It used to be that Hippies and Beatniks (remember them?) were America’s counter-culture…
“As Christians [in America], our challenge is to go back as close as we can to the Gospel and truly be the church. Increasingly, we’re likely to be a counter-culture. As that happens, we will be the last great defenders of reason, truth and human dignity, with the task of defending [the Faith] not just theoretically…but practically, as the early church did… Our privilege will be to repeat that story in our time.” —Os Guinness (World Magazine interview, June 29, 2013)
Our passports say “Kingdom of Heaven”.
Our culture is Jesus.
We are light in the darkness at noon.
Far out, man.
Democracy makes people rulers, ideologies are their battlefields and votes are their swords—until a real King happens along…

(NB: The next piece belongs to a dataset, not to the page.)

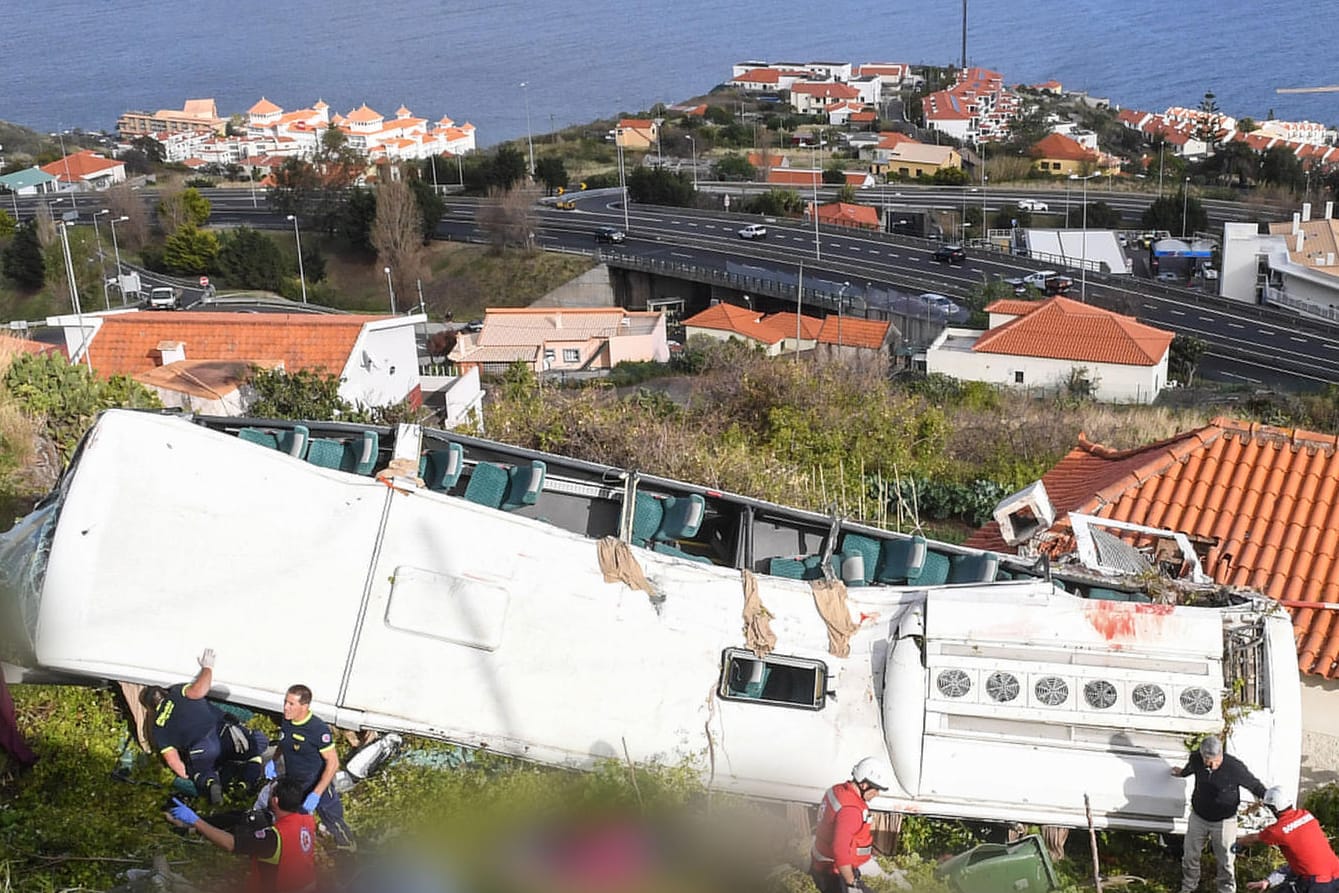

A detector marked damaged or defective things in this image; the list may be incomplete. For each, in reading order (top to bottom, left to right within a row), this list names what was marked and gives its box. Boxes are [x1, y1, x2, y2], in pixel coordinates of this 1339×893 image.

broken window [720, 648, 824, 712]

“As Christians we know that here we have no continuing city—that crowns roll in the dust and every earthly kingdom must sometime flounder, whereas we acknowledge a King men did not crown and cannot dethrone, as we are citizens of a city of God they did not build and cannot destroy. Thus the apostle Paul wrote to the Christians in Rome, living in a society as depraved and dissolute as ours. Their games, like our television, specialized in spectacles of violence and eroticism. Paul exhorted them to be “steadfast, unmovable, always abounding in God’s work,” to concern themselves with the things that are unseen. “For the things which are seen are temporal but the things which are not seen are eternal.” It was in the breakdown of Rome that Christendom was born. Now in the breakdown of Christendom there are the same requirements and the same possibilities to eschew the fantasy of a disintegrating world and seek the reality of what is not seen and eternal, the reality of Christ.” —Malcolm Muggeridge
The King is coming.
There are people in this darkening world who are admired more than others, even when the darkness is great and imposing. They are of little worth to the status quo, yet they shine like stars. They are you.

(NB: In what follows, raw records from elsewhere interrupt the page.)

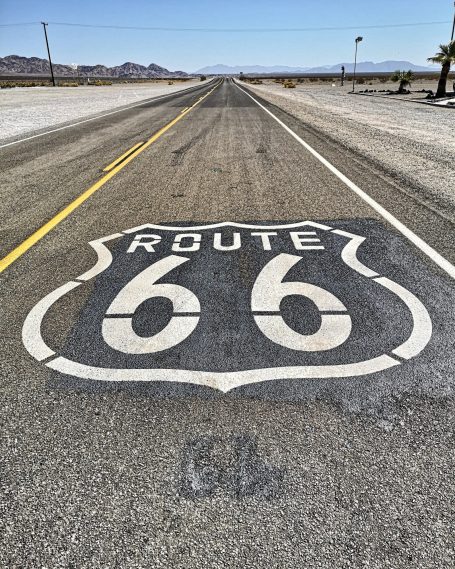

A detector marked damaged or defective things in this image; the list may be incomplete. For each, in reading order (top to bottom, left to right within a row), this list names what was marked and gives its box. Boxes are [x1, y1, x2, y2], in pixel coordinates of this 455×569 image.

tar patch on asphalt [22, 220, 455, 402]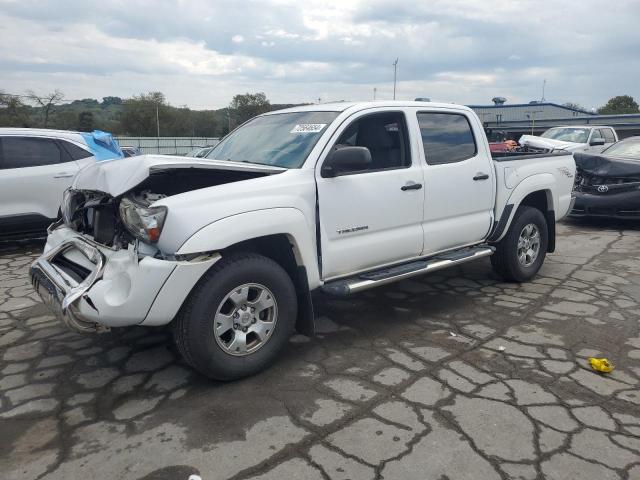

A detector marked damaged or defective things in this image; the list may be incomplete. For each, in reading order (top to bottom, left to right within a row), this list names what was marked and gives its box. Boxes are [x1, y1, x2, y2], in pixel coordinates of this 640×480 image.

crumpled hood [520, 134, 584, 151]
crumpled hood [70, 156, 288, 197]
broken headlight [117, 197, 168, 244]
damaged bumper [30, 227, 220, 332]
cracked pavement [1, 219, 640, 478]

“If we lived in a state where virtue was profitable, common sense would make us saintly. But since we see that abhorrence, anger, pride and stupidity commonly profit far beyond charity, modesty, justice and thought, perhaps we must stand fast a little—even at the risk of being heroes.” —Sir Thomas More, from the play, “A Man for All Seasons” by Robert Bolt
Stand fast, mighty one of God—be the hero.

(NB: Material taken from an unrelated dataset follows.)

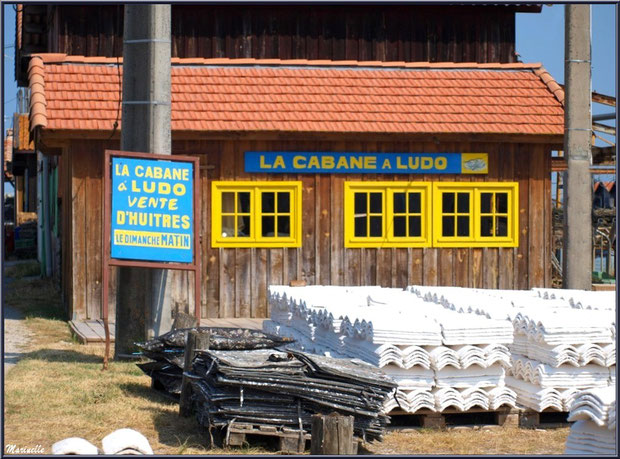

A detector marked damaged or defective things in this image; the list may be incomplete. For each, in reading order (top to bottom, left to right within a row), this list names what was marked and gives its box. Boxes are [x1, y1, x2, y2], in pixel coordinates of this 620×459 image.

“Jesus was surrounded by [religious] men who made criticism their constant occupation while missing their opportunity to help the hurting, the hungry and the oppressed.” —Douglas R. McClean Jr.
In a turbulent world we can complain or we can serve; the first is about my offended sensibilities; the second, compassion for others—like Jesus in His turbulent world.
Complain, and none benefit; serve, and all are blessed.